Если вы на 100% уверены, что нарушение позиции является осознанным и преднамеренным – надо переводить то, что услышали, при этом никак не смягчая и не модулируя сказанное – даже если у вас есть сомнения в правильности этой новой позиции. Вообще в ходе перевода лучше отвлечься от оценки поведения, тактики и переговорных умений руководителя, хотя по своему опыту могу сказать, что это не всегда легко.
Нужно ли выручать вашего «клиента» (особенно если он является главой вашей делегации), попытаться обратить его внимание на несообразность сказанного – трудный вопрос. Если ситуация возникла в ходе переговоров в присутствии других участников с вашей стороны, то лучше предоставить такую возможность им. Если наедине – то можно попробовать.

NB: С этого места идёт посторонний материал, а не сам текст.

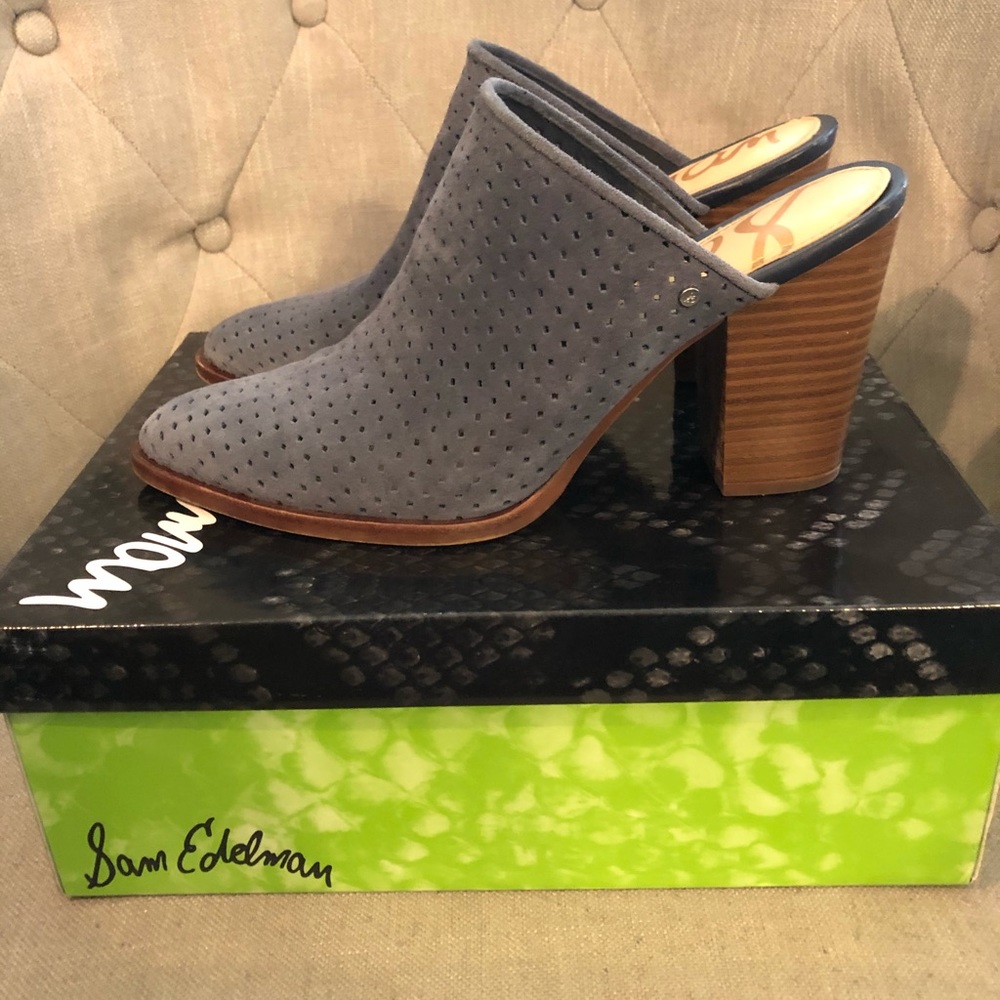 Sam Edelman Mules - Picture 3 of 5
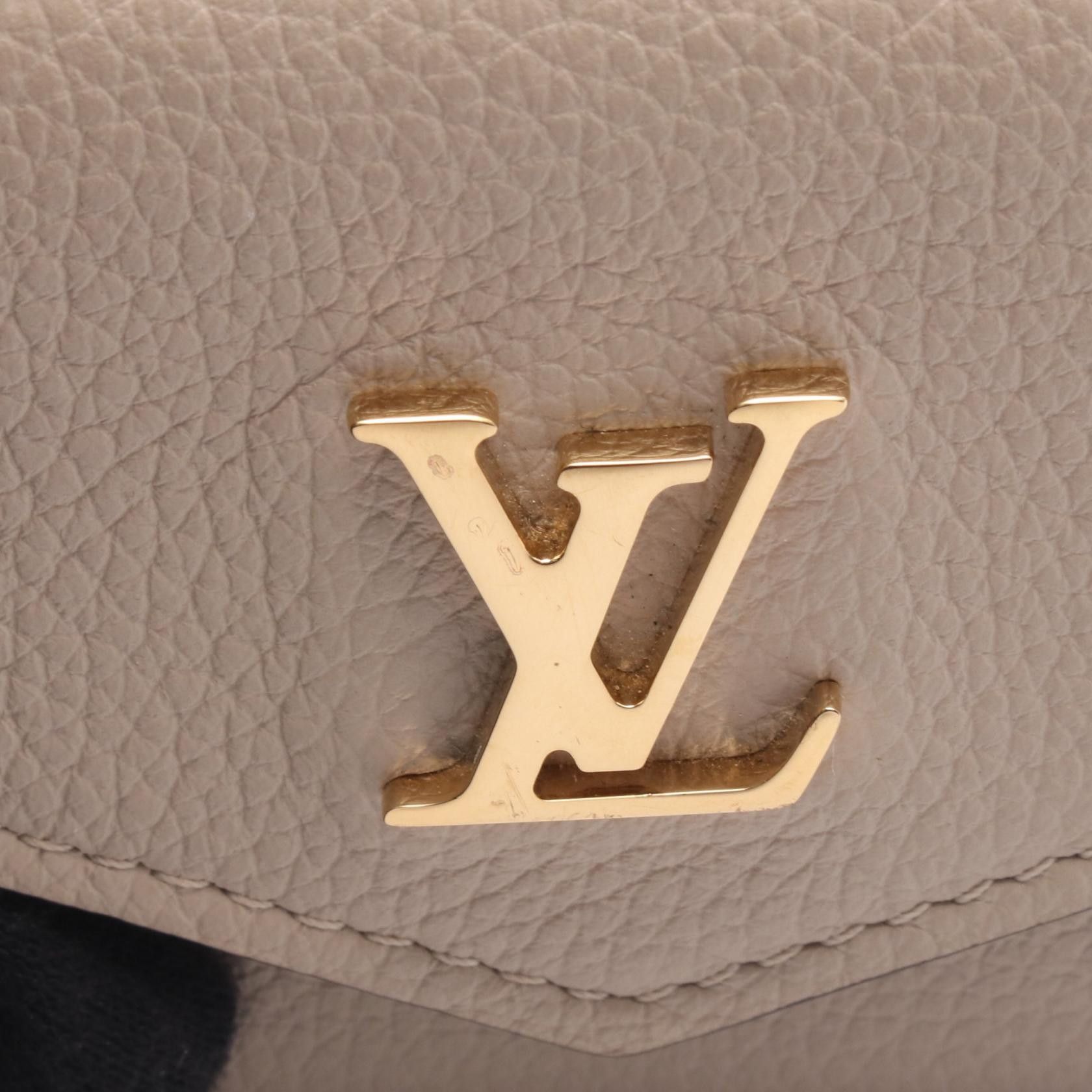 Louis Vuitton Louis Vuitton Louis Vuitton Portefeuille Lockmini Leather Trifold Wallet Leather Short Wallet M69340 DUTY FREE for USA Size ONE SIZE - 7 Thumbnail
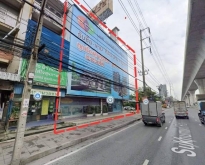 ให้เช่าอาคาร 4คูหา เฉพาะชั้น 1 และชั้นลอย 512 ตรม ย่าน ลาซาล สำโร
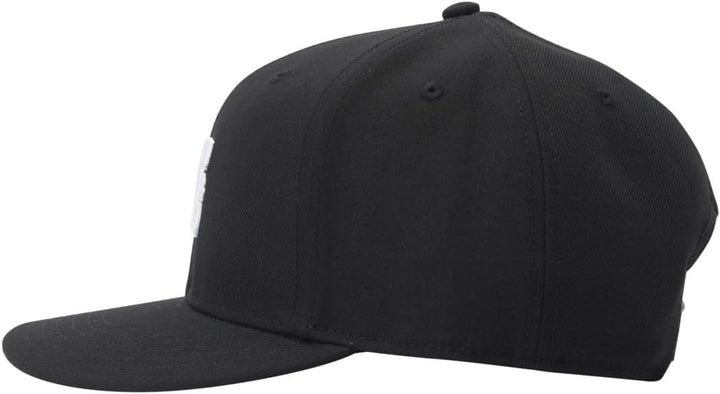 DC Shoes Herren Hut Dc Empire Snapback Einheitsgrösse Schwarz, Einheitsgrösse Schwarz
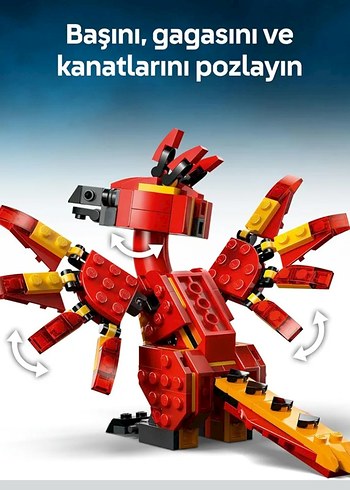 Beden Renk LEGO Harry Potter Anka Kuşu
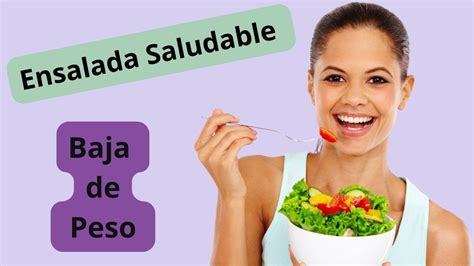 How to Prepare Healthy Salads to Lose Weight Step by Step in an Easy Way. - Time News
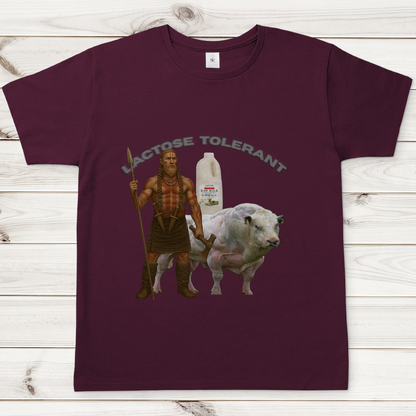 Herren T-Shirt lactosetolerant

Специфический и исключительный случай – высказывания подобного рода под влиянием алкоголя. Здесь очень трудно давать советы, но мне кажется, что по крайней мере иногда переводчик может сыграть здесь спасительную роль.

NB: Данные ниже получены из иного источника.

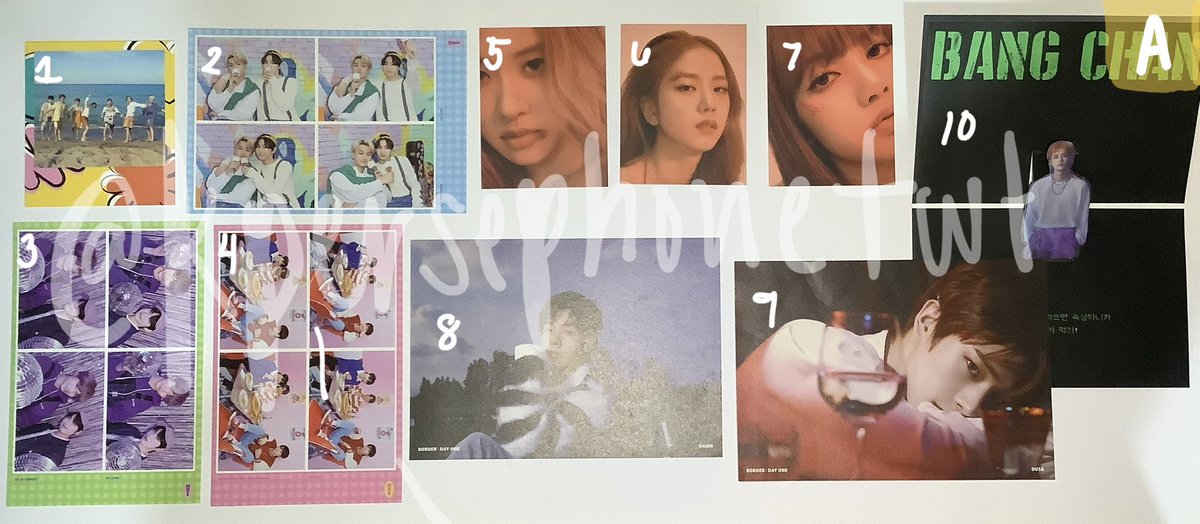 kpersephonetwt's tweet photo. ‼️ SALE SALE SALE ‼️
wts lfb ph 

Official Photocards, Postcards, etc

✨₱10 PESOS each! 

mop: gcash/maya
mod: j&amp;t/ggx/sco
dop: 1 day after OC
prio: payo

reply: mine + # of order in the pic and the letter + #persephonesale 

ex: mine 3C #persephonesale 

rfs: badly need funds https://t.co/ym5padgwhE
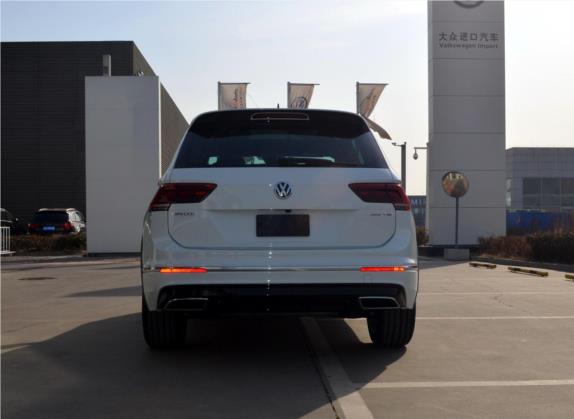 Tiguan 2018款 380TSI 四驱R-Line 外观   正后
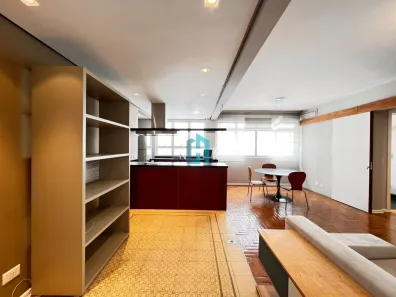 Apartamento com 1 Quarto para alugar, 65m² no Jardim Paulista, São Paulo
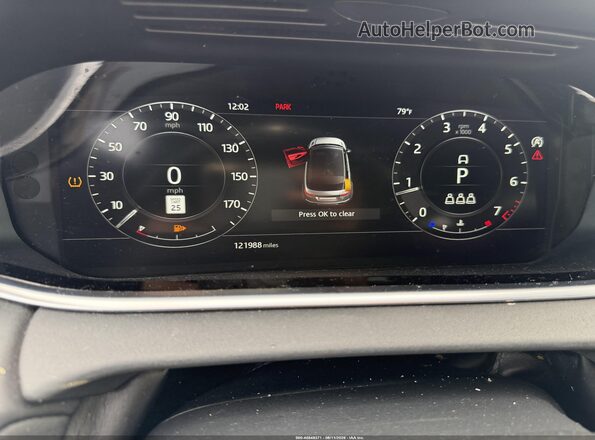 SALZP2FX7LH075196 2020 LAND ROVER RANGE ROVER EVOQUE White Вид спереду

Еще один вопрос, относящийся к «дипломатическому аспекту», который задают очень часто: переводить ли (и с какой степенью эмоциональности) грубые и провокационные высказывания? Ответ не так прост, как может показаться (дескать, переводи как сказано). По своему опыту могу сказать, что, даже когда на 100% уверен, что провокационность осознанна и преднамеренна, почти автоматически у переводчика включается «механизм смягчения». Перевод – это скорее «субтитры», чем «дубляж», и некоторая степень эмоциональной нейтрализации неизбежна. Некоторые коллеги советуют при этом переходить на высказывание в третьем лице («Он/г-н Х говорит, что ему наплевать на то, что вы думаете по этому поводу»). Хотя перевод в третьем лице вообще говоря нежелателен, в данном случае он, пожалуй, предпочтителен. (Кстати, такой перевод может иногда быть приемлем и даже желателен в бытовых ситуациях, на протокольных мероприятиях, в разговорах о семье, детях и т.п.) Особую осторожность следует проявлять при переводе в ситуациях, когда по-русски допускаются высказывания, грубо указывающие на пол, расовую принадлежность или сексуальную ориентацию. Чаще всего говорящий просто не знает, что для большинства европейцев и американцев это втройне оскорбительно, поэтому смягчение в переводе вполне оправданно и даже необходимо.
В той же плоскости – еще один часто задаваемый, особенно молодыми переводчиками, вопрос: переводить ли ненормативную лексику? Интересную дискуссию на этот счет можно найти в одном из номеров журнала «Мосты». Не буду ее здесь воспроизводить. Во-первых, вопрос относится не только к устному переводу, но и к письменному, а также к такому промежуточному виду, как киноперевод. Во-вторых, специфика этой проблемы в том, что она не только (и даже не столько) экстралингвистическая, сколько лингвистическая. Дело в том, что ненормативная лексика – разная в разных языках по частоте употребления, функциям, разнообразию и собственно «грязности». Русский мат в этом отношении даст сто очков вперед английским four letter words, и поэтому те, кто на каждый случай появления в английской речи слова fuck торопятся употребить русский «эквивалент», очень рискуют – причем без всякой необходимости.